What you give back must match the data exactly, minus the pictures.
-------- Source material
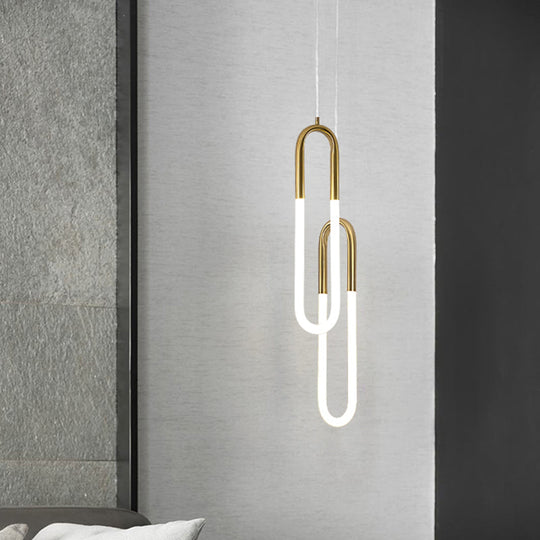 Minimalist U-Shaped Acrylic Led Pendant Light Fixture For Living Room Ceiling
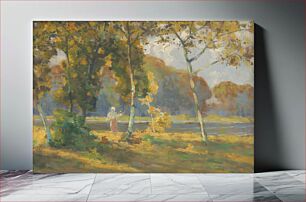 Πίνακας, Summer landscape with birch trees by Lajos Csordák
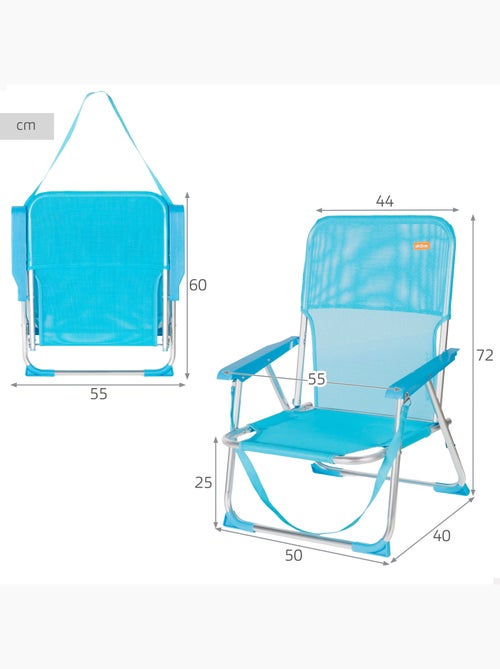 Set de 2 sillas plegables de playa 44x40x72 cm con asa aktive - Kiabi Set de 2 sillas plegables de playa 44x40x72 cm con asa aktive - Kiabi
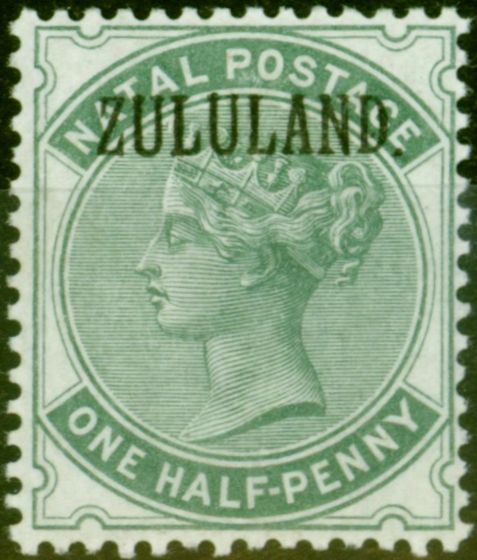 Rare Postage Stamp from Zululand 1888 1/2d Dull Green SG12 With Stop Fine Very Lightly Mtd Mint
----------------
Result for this task:
 Minimalist U-Shaped Acrylic Led Pendant Light Fixture For Living Room Ceiling
 Πίνακας, Summer landscape with birch trees by Lajos Csordák
 Set de 2 sillas plegables de playa 44x40x72 cm con asa aktive - Kiabi Set de 2 sillas plegables de playa 44x40x72 cm con asa aktive - Kiabi
 Rare Postage Stamp from Zululand 1888 1/2d Dull Green SG12 With Stop Fine Very Lightly Mtd Mint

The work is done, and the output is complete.